Hi, I have a question regarding the optimal/correct use of dask. I have a need to run groupby on a dask dataframe that is approximately 1B rows (~24 columns). The raw data are strored as many csvs (each about 50-100M rows) and currently I am reading those into memory (1 TB memory on this particular VM). My goal is to write the grouped by csvs to disk in parallel (112 cores on this VM). This is because I have to do this task for many different ~1B datasets and I need timely processing. I believe what I am doing is not correct, because my processor usage is low (~1%) when I do the groupby.

for month in MONTHS: 
    csv_wildcard_path = Path(path_to_input_csvs) / f"{month}-*.csv"
    gdf = dd.read_csv(csv_wildcard_path, usecols=DFCOLS, dtype=dtype, assume_missing=True) # this is about 1B rows (400 or so GB)
    gdf = gdf.map_partitions(convert_partition, meta=EXAMPLE).persist()
    gdf.groupby(["ID"]).apply(write_to_csv, meta=gdf._meta).compute() # this is only using 1 core despite all of the available (112) processors

One note that may or may not be relevant is that the convert_partition function above is:

def convert_partition(df: dd) -> sp.GeoDataFrame:

I have tried wrapping this in a context manager with scheduler=processes but the groupby operation still only uses apparently one core.

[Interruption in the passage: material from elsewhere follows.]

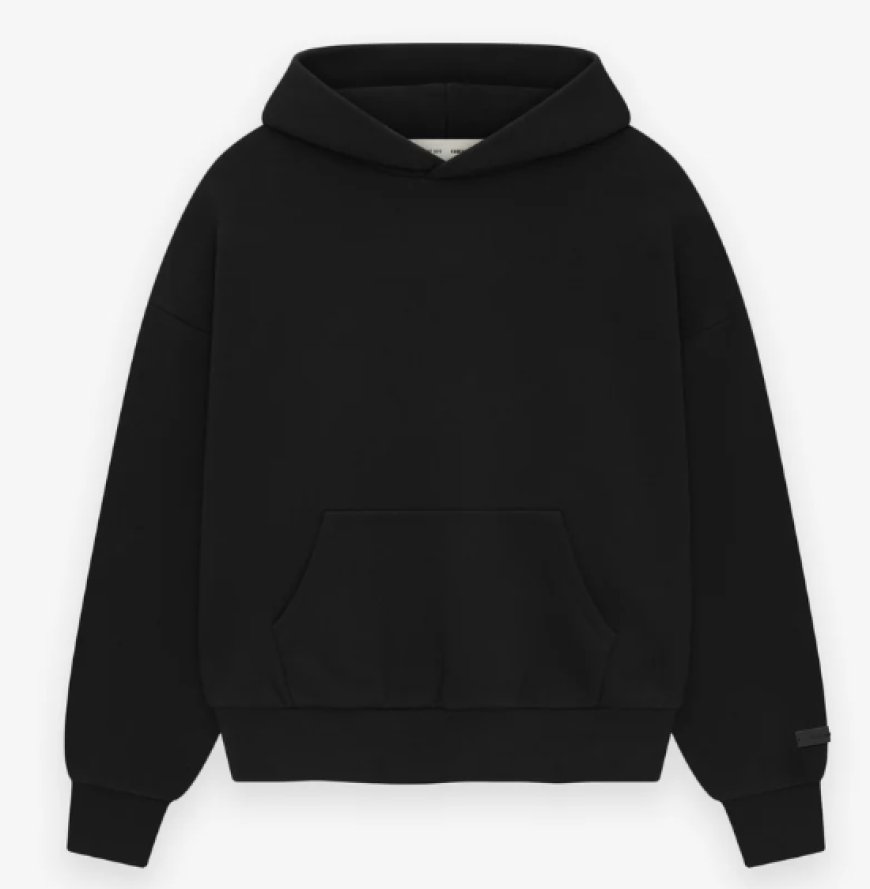 Urban Cool Redefined – Essentials Hoodie for Daily Wear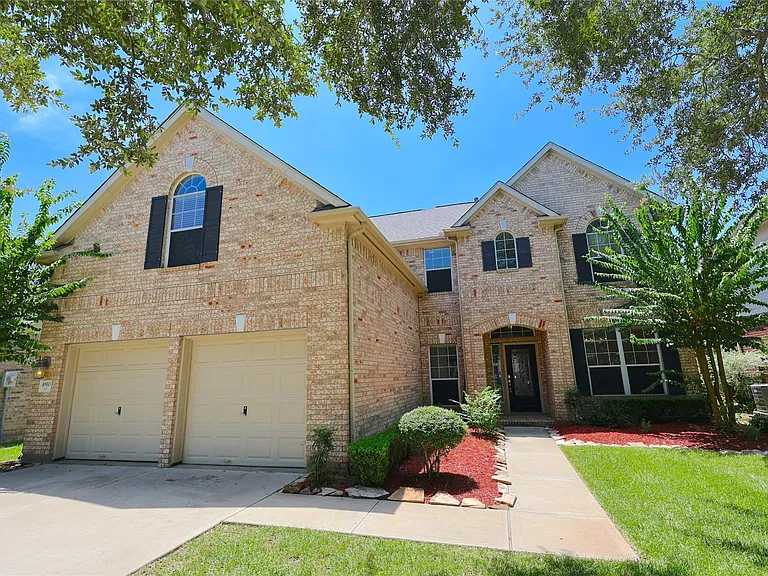 4810 Zachary Ln — Photo 1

Note that I know writing to csv is not optimal (and parquet is preferred), but i have a requirement to write to csv, and that is not the current bottleneck in the code – the groupby operation is the bottleneck.

Is there a reason why you’re doing an apply instead of using to_csv?

Within the write_to_csv method there were a few extra processing steps. I didn’t realize that would cause issues. Thanks for the suggestion! I will attempt a refactor to allow for the direct call to to_csv.

Last time I checked, to_csv and read_csv block the GIL. Even in perfectly GIL-releasing workflows, you will still have a lot of bottlenecks if you have that many threads in a single process.

scheduler=process is not peer-to-peer - meaning that all data goes through your main process, which becomes your bottleneck.
Try starting a LocalCluster with multiple processes and between 1 and 8 threads per process:

import distributed
client = distributed.Client(n_workers=28, threads_per_worker=4)